Robert Connelly

Bob Connelly is a mathematician specializing in discrete geometry and rigidity theory. He is best known for discovering embedded flexible polyhedra. One such polyhedron is in the National Museum of American History. He is currently a professor at Cornell University. His recent interests include tensegrities and carpenter's ruler problem which can be resumed as this: Can a simple planar polygon be moved continuously to a position where all its vertices are in convex position, so that the edge lengths and simplicity are preserved along the way?

Robert Connelly

 

"Jammed packings in the plane": If you have ever driven behind a truck carrying a load of pipes, you might wonder if they if they were secured safely. You should.
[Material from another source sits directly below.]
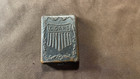 Antique Advertising Pocket Match Safe United Cigars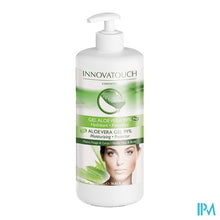 Afbeelding in Gallery-weergave laden, Innovatouch Gel Aloe Vera 99% 500ml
There are ways to do it that are stable, and ways that are not, and the distinction can be fuzzy. The pipes are essentially packings of circular disks in a planar box. The most dense packing of an infinite number of equal disks in the plane is known. But for pipes and granular materials it is enough that packing be the most dense only for small perturbations of the arrangement. The property of being rigid means that the the packing is jammed, and whether a packing is jammed can be calculated for reasonable containers. Many interesting containers for circle packings are not boxes but tori, what you get by identifying the left and right sides, and the top and bottom, of a box in the plane so the boundary effects are avoided. There are interesting examples of jammed and not jammed packings of a finite number of circular disks in a torus that have been found by groups of undergraduate students at Cornell and Grand Valley University in Michigan. Their results will be presented.

 

"Tensegrities : structures made with cables and struts - Why do they hold up?": Imagine a heavy object suspended by cables in midair. Imagine several objects suspended by cables yet so that the whole structure is completely stable. This is a tensegrity, a word suggesting "tensional integrity" by R. Buckminster Fuller after having been shown some models by the artist Kenneth Snelson in the 1940's. They seem to defy gravity, and yet examples of them are all around us as bridges, bicycle wheels, tents, spider webs, cloths lines, atoms, pebbles in a box, as well as works of art by Kenneth Snelson himself. What principles explain their stability? Where is the geometry? What is a good a geometric model? A very natural way to do this is to think of a tensegrity as a collection of points, where some pairs, the cables, are not allowed to get further apart, while others, the struts, are not allowed to get closer together. If these conditions determine the configuration of points up to rigid motions of the whole configuration, then the tensegrity is rigid. The secrete to this rigidity is energy. Indeed, you can even invent your own special seemingly unrealistic energy that explains the geometric rigidity, while in the end it is quite consistent with actual physical properties of the materials themselves. Geometry and Physics live together in harmony.